I can’t read your link without installing an app. Here’s a link for those of us on PC:

Here in Spain the major company affected is a telecom, which has is not too bad in terms of immediate repercussions, but man, does it make you look bad…

Changed it to the direct link, thanks.

The Guardian is reporting that as of last December, 90% of NHS systems were still running WinXP.

The US Navy is paying MS millions for continued XP support. Wonder if the NHS was doing the same?

That kind of thing (big companies using legacy stuff isn’t uncommon) from what I understand. Remember with y2k when everyone was worried about banks and air traffic control stuff because they were using ancient systems?

MS has issued emergency patches to non-supported operating systems (XP/Vanilla 8/Server 2003) to help contain this thing.

Interesting article on how the Wannacry attack was contained:

Looks like this is the first “big one” for my field. It looks like it shut down a car factory in Europe too (Renault)

Apparently the killswitch has already been removed in the latest variant

Nice Job NSA.

Nissan in Sunderland too.

My friend is an electrical engineer (as in power and telecoms infrastructure) and was told to park up his van, not turn laptop on and await a text. He’s still waiting…

I think the most sane line of action is to disconnect these machines from the network. Download the patches to a usb then apply the patches. Connect again and fully patch.

Maybe before all that make a backup of the documents folder.

I don’t use windows machine at work, but some people do, hope I am not affected. I guess I will find this monday.

I like this (pre-ransocaplyse) idea which finds a use for bitcoin and smart contracts — a DAO for ransomware.

You’re going to want to look for the exact variant you have. Chances are you may lose all of the encrypted data. Be aware that is a very probably outcome.

What makes more sense to me, is to let your backup strategy deal with this problem.

If you system is fully updated and you still get hit, you bit the bullet and restore from Today-1.

If you systems are not fully updated.
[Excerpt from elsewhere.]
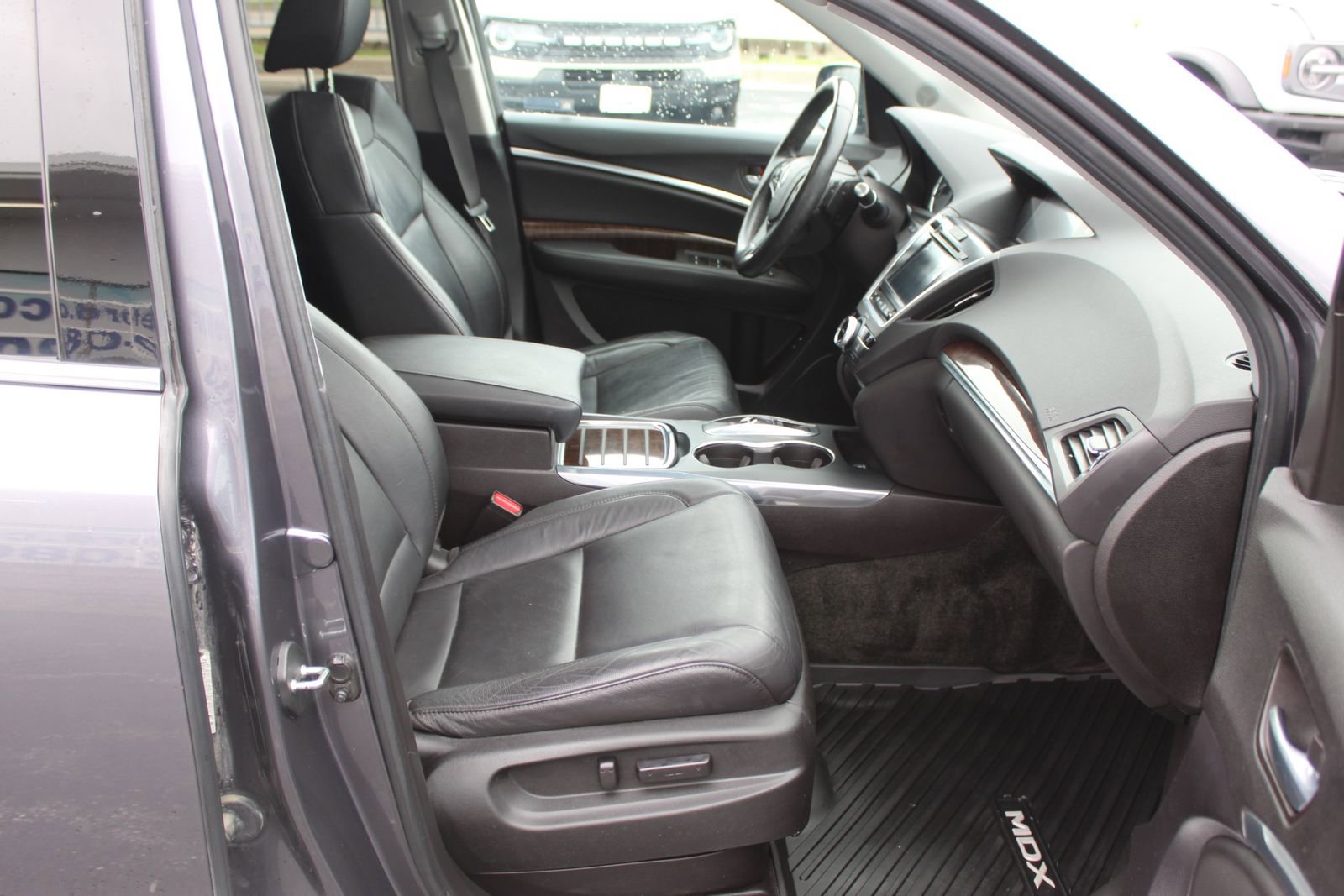 Used 2017 Acura MDX SH-AWD image 11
Then you have a real problem, worse than any software bug. I have a few machines that are not fully updated (for reasons), I am not system admin, but I think I am going to be louder (I am sure this is not the right word) when talking about this in the future.
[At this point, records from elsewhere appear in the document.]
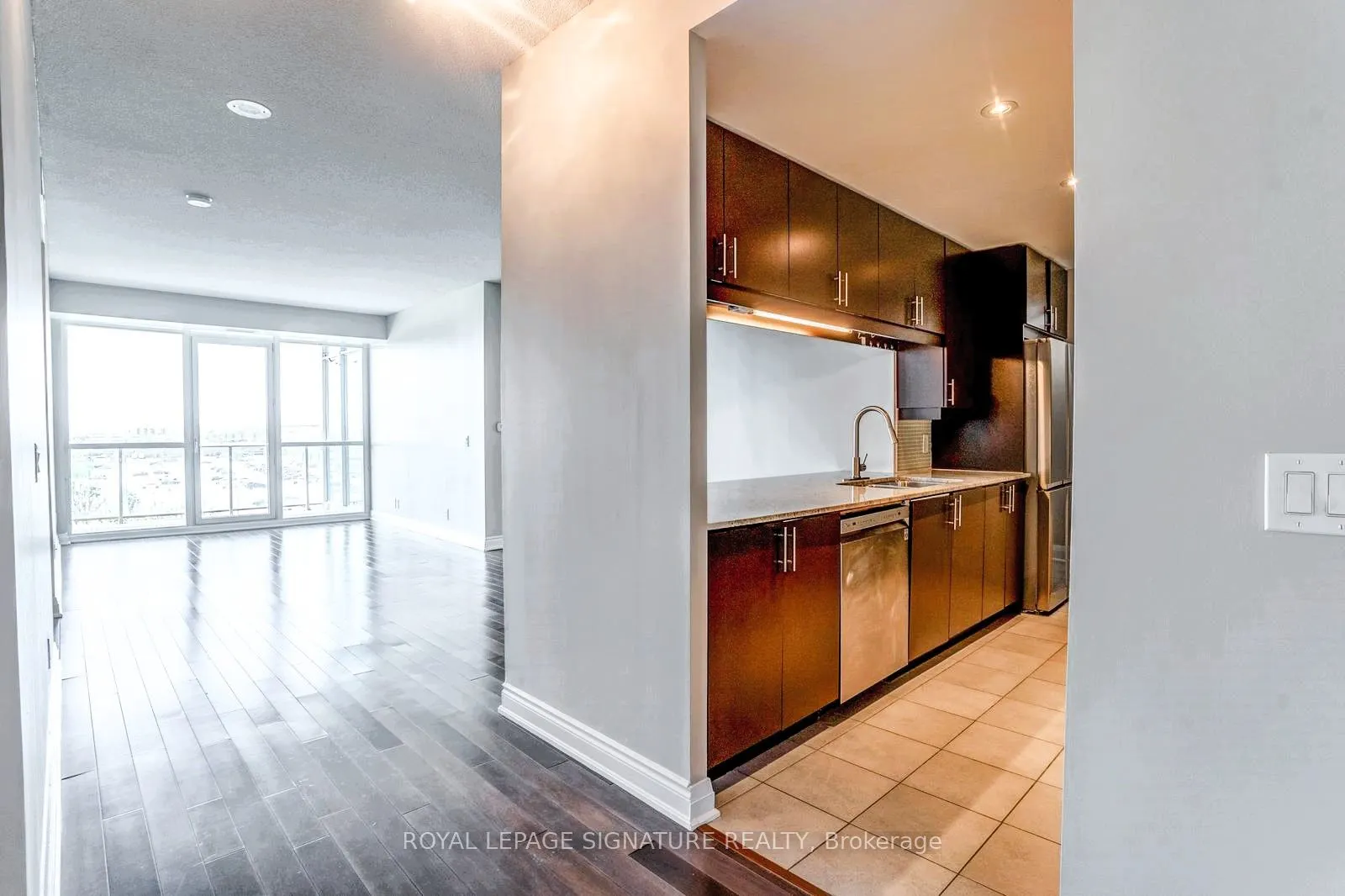 1055 Southdown Road, #614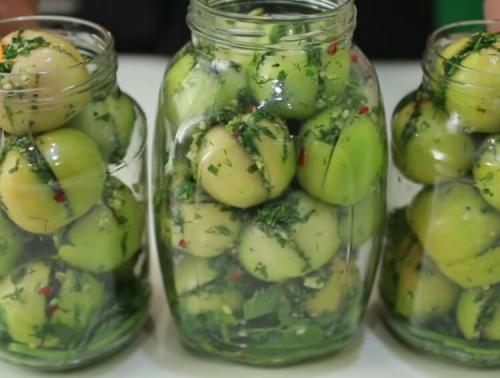 Зеленые фаршированные помидоры на зиму в банках. Зеленые помидоры фаршированные чесноком на зиму 02 Зеленые фаршированные помидоры на зиму в банках. Зеленые помидоры фаршированные чесноком на зиму 02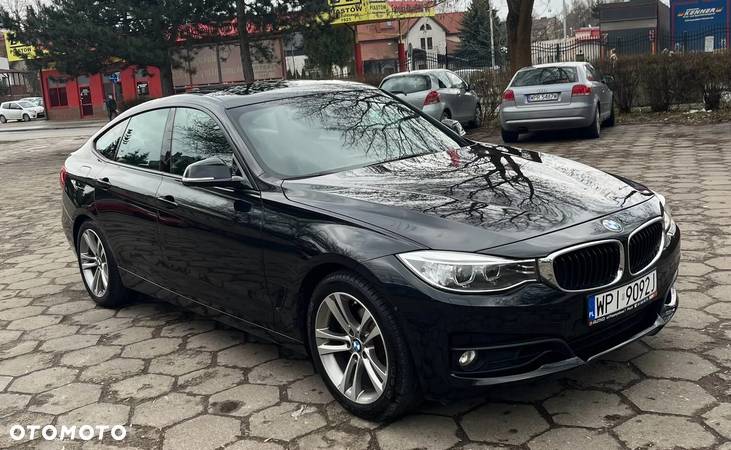 BMW Seria 3 328i Touring Sport Line - 1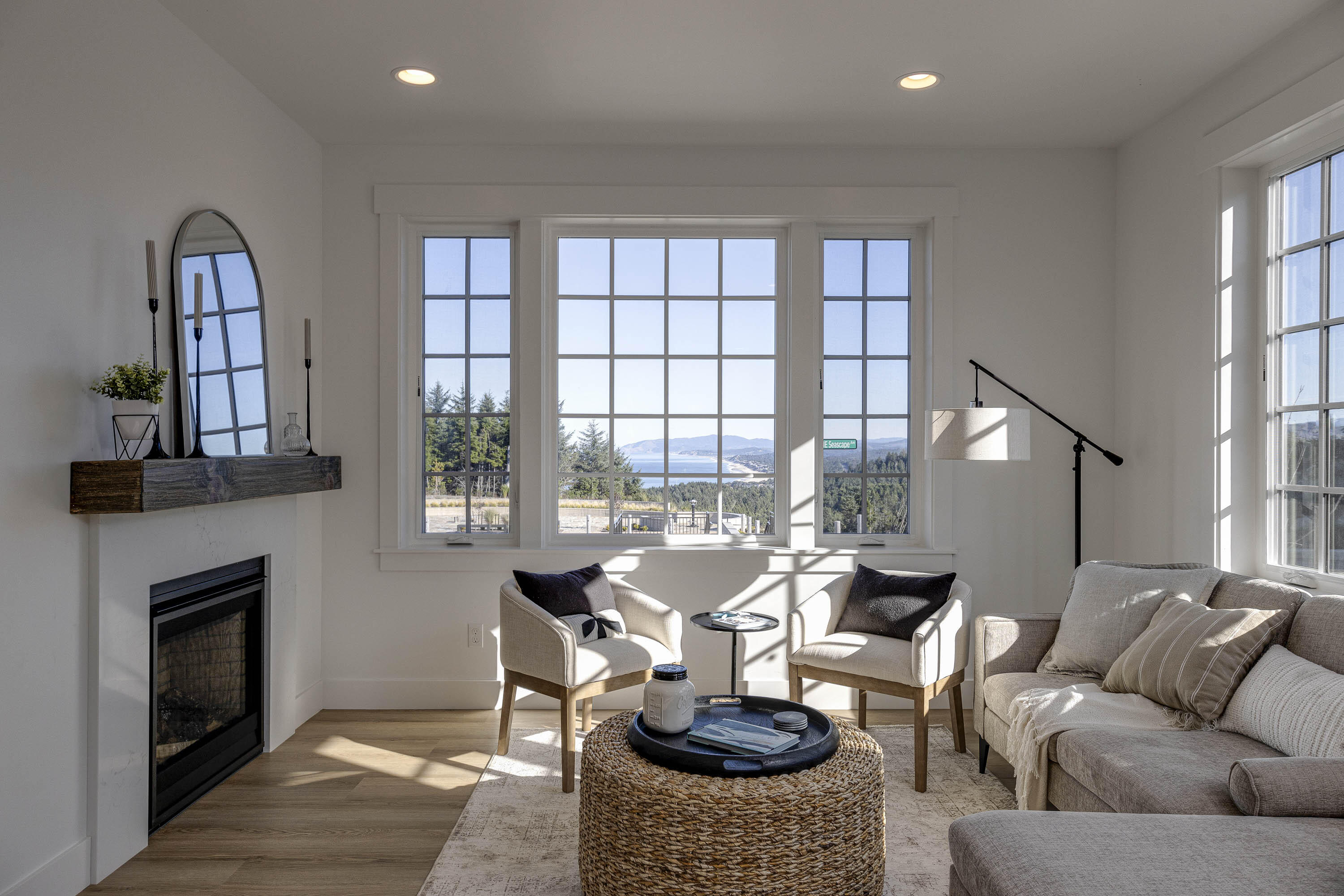 1152 NE Seascape Avenue, 13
[quote=“Teiman, post:19, topic:129740, full:true”]
What makes more sense to me, is to let your backup strategy deal with this problem. [/quote]Yep, seems the most logical approach. Sadly, MANY people don’t back up well and I’d imagine that holds true for smaller companies (larger, publicly traded companies get rated in part on the integrity of their data and backup systems as I recall, but then we’ve heard some disturbing tales).
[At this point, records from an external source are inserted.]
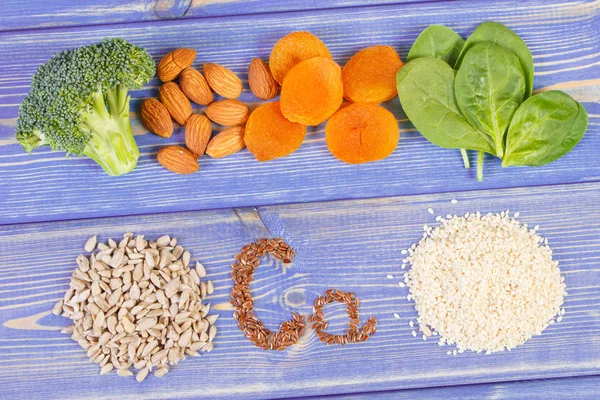 Producten of ingrediënten die calcium, voedingsvezels en mineralen bevatten — Stockfoto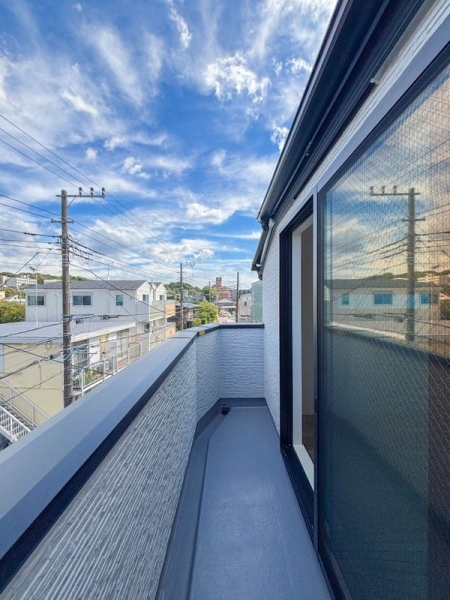 藤沢市藤沢1丁目 新築一戸建て(バルコニー)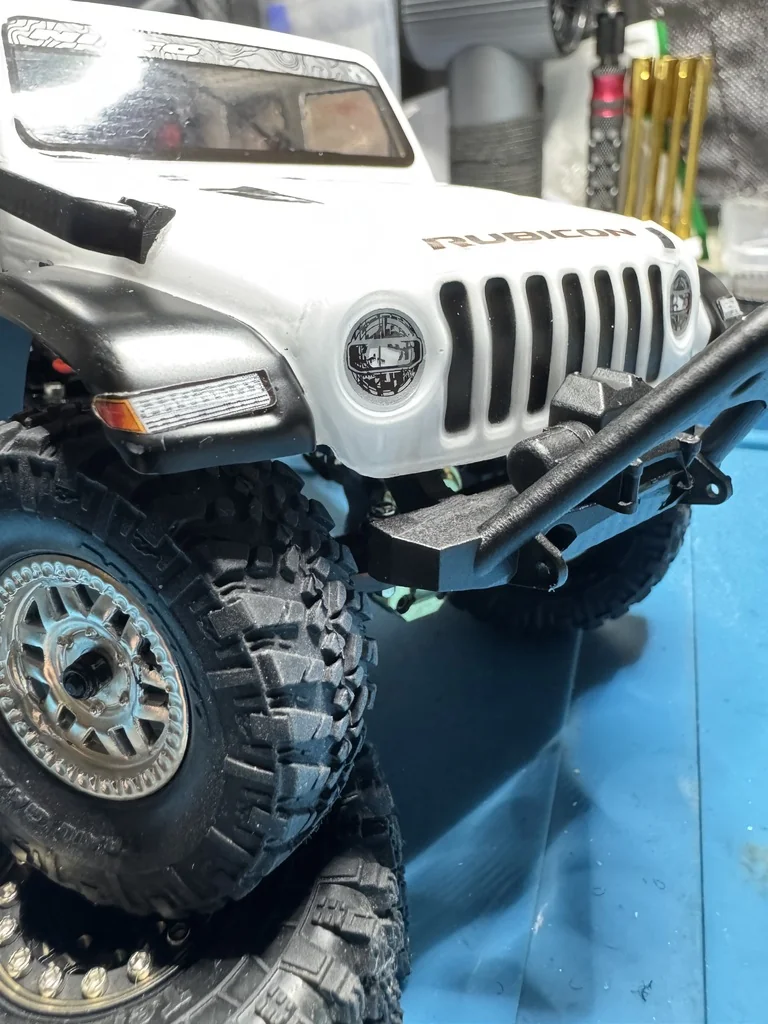 3D модель Передний бампер SCX24 Gladiator с стингером и лебедкой - фото 7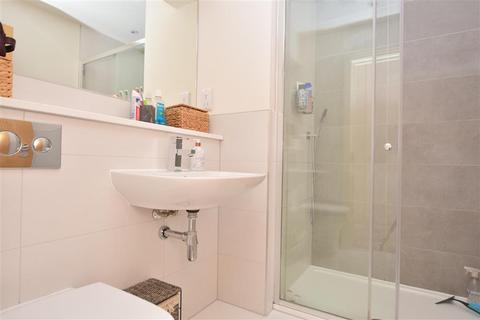 13 Beechcroft, Haywards Heath, RH16 4FU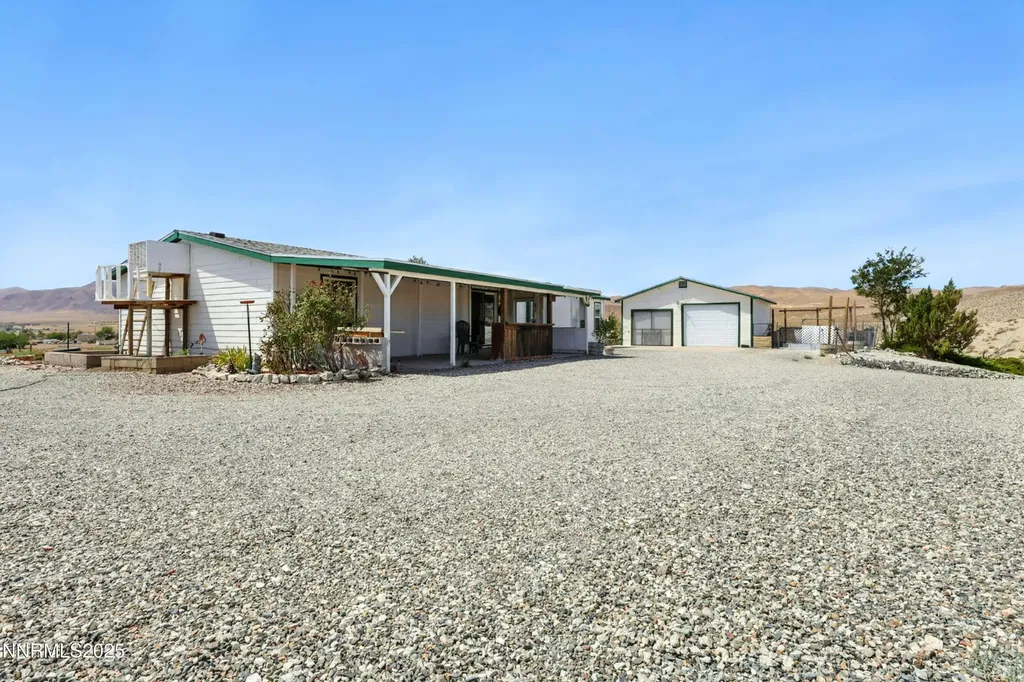 16 Ludington Yerington NV 89447
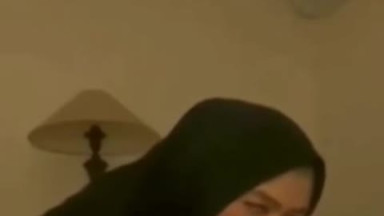 Husna Jilbab Binal - Ngentod sama brondong kontll kecil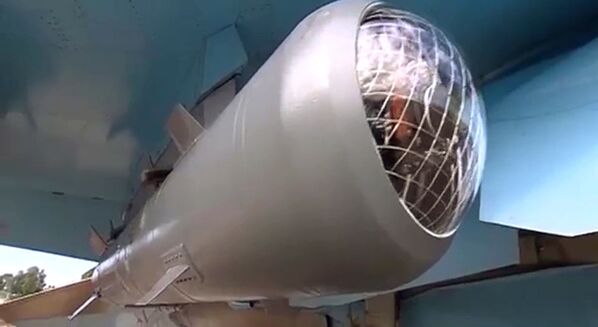 Los cazabombarderos Su-34 llevan misiles aire-aire en sus misiones aéreas - Sputnik Mundo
That is the best method for these, yes. One issue is that while servers are frequently backed up, the HUGE majority of client machines are not. And it is really, really hard to prevent people from saving important data local to their machines.

As an example, think of every one of your relatives that probably save all their family photos, media, and whatever else local to their home machines. Now imagine the effect of the loss of all of that, because from the latest data, 94% of home users NEVER BACK UP ANY DATA.